> _Work instructions_: Once you find the line with "苹果篮和玻璃苹果酒的瓶子图片" in the data below, transcribe exactly each line from there to the line with "A set of colorful", inclusive, and nothing else. Drop the pictures.

> _Data for review_:
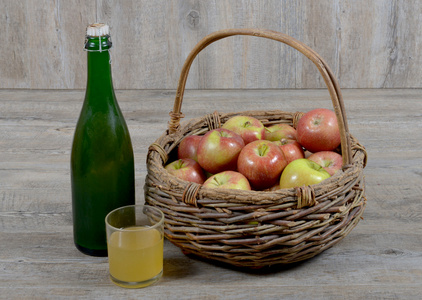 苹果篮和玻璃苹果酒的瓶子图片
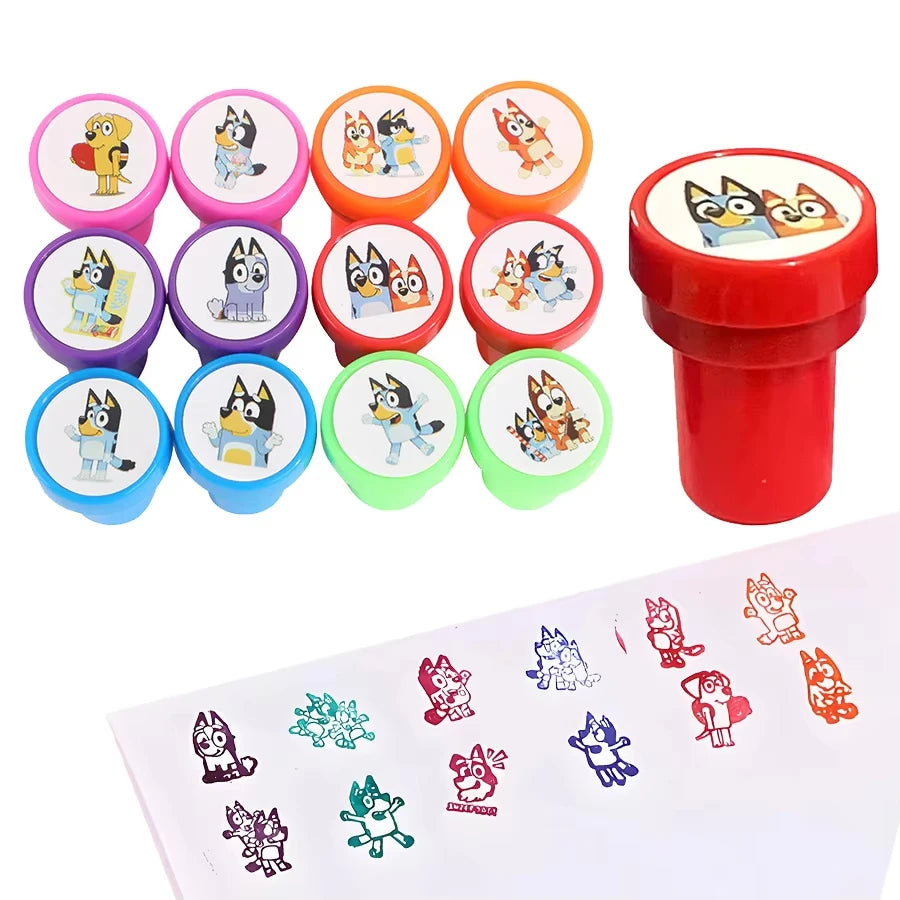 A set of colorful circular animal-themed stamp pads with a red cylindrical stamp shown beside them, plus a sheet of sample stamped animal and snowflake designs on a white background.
==
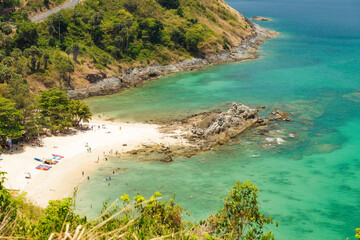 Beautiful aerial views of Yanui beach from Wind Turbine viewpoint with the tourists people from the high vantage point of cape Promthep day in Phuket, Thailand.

> _Answer to the problem_:
 苹果篮和玻璃苹果酒的瓶子图片
 A set of colorful circular animal-themed stamp pads with a red cylindrical stamp shown beside them, plus a sheet of sample stamped animal and snowflake designs on a white background.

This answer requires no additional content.